The excess of qualified candidates also distorts the way in which applications are evaluated. Because many well-qualified applicants must be turned down, admission committees are put in the position of looking not for reasons to admit but rather for reasons to exclude. Numbers are of overriding importance. Every year, quite a few applicants on the accepted list end up being cut, because of concern that more on the list will enroll than there is room for. They are rejected at the last minute, never knowing how close they came to getting in.

The only fair way to choose a freshman class from among too many qualified applicants is by some type of random selection. One way would be to have the qualified applicants draw lots. Another would be to accept candidates when their credentials are complete and they are judged qualified, until the class is full. A third, which an admission officer of my acquaintance has long recommended, would be to put every qualified applicant on a "waiting list" and admit the ones who respond first.

Random selection has several clear advantages. It would guarantee equal consideration, and it would make rejection easier to take, since not getting in would be due to bad luck rather than to personal failure. It would also be easier on admission committees. Not only would it save a great deal of the time and money currently spent splitting hairs to select a freshman class, but it would also restore the committees to their proper function of determining who is qualified, rather than who among the qualified should be admitted, Despite the advantages, however, random selection is probably not an idea whose time has come. The benefit to selective colleges of being able to use discretion in choosing a freshman class is too great. Also, many admission professionals actually believe it's possible to make informed choices among equally qualified candidates and, ironically, so do some students.

It can be argued, of course, that admission to a selective college has nothing to do with just distribution, because higher education is not a scarce resource. There are over 3,000 colleges and universities in the United States, the argument goes, and no one who wants a higher education is denied the opportunity to get it. That being the case, selective colleges, particularly those that are privately owned, should be free to admit whomever they wish.
Such reasoning ignores the fact that the elite institutions occupy a special place in American society.
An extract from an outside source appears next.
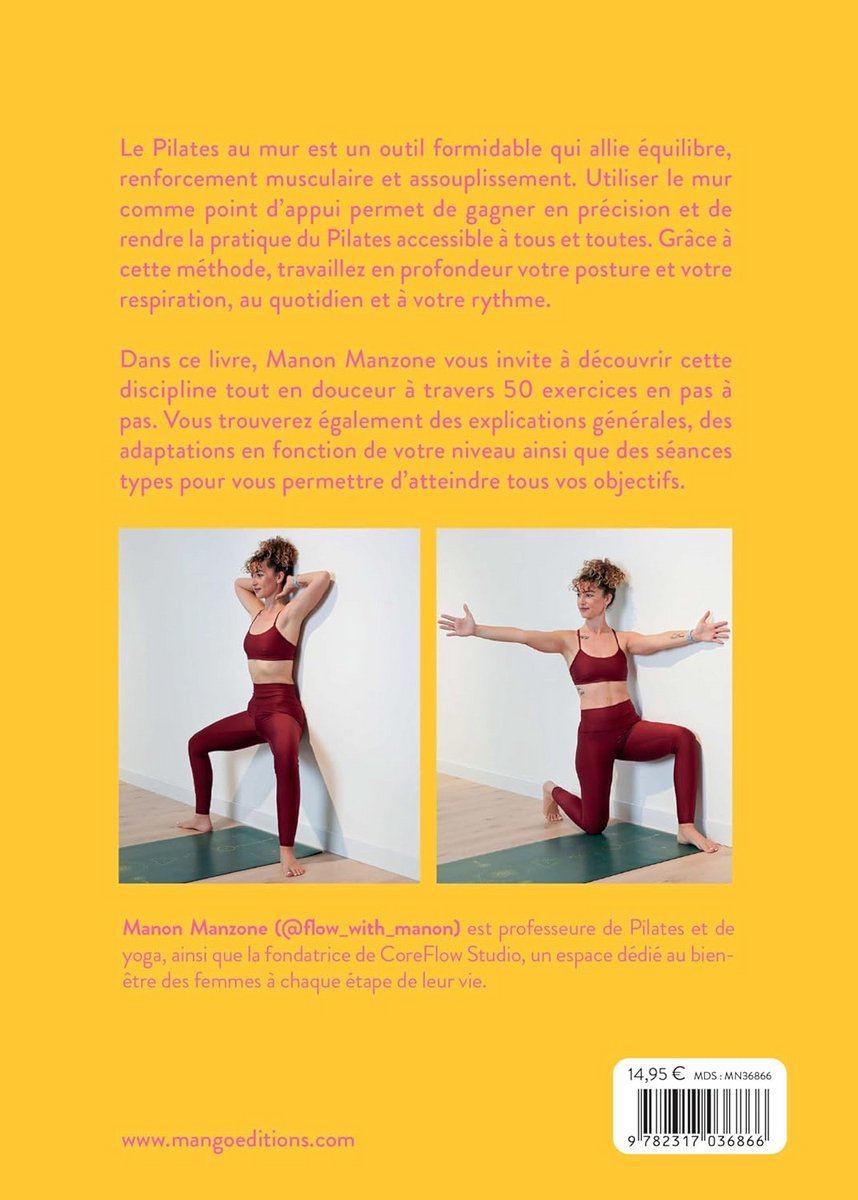 Pilates Oefeningen tegen de Muur Pilates Reformer 50 - afbeelding 2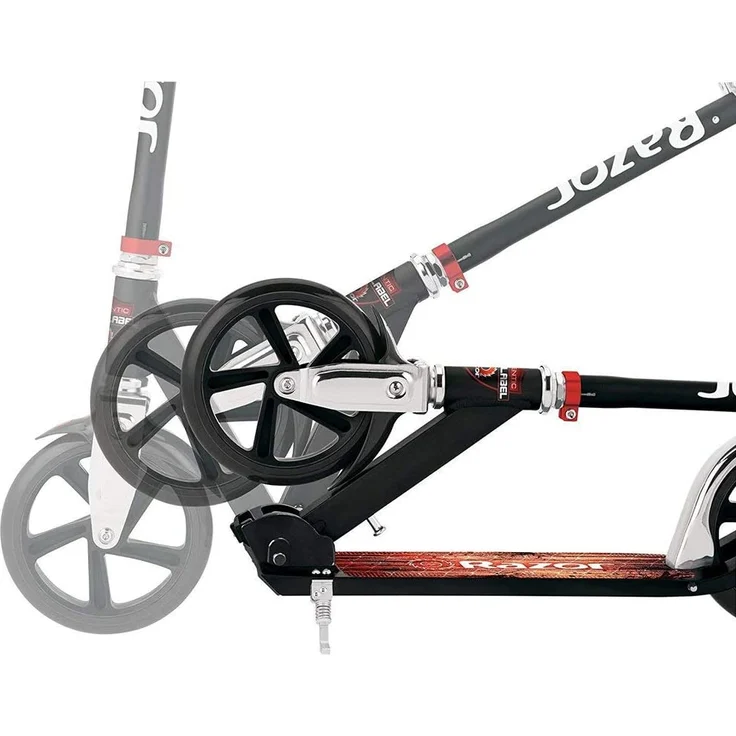 Razor A5 Lux Black Scooter – Bild 5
Therefore, they have a special obligation to uphold the national ideals of fairness, equality of opportunity, and due process in allotting the coveted places in their freshman classes. Unless they do so by instituting a means for just distribution of places, the qualified candidates who get thin envelopes will have to continue either to accept the rejection as an authoritative judgment of their worth (and perhaps allow it to ruin their lives) or take it as a challenge to go out and prove through their accomplishments that the admission committees blew it.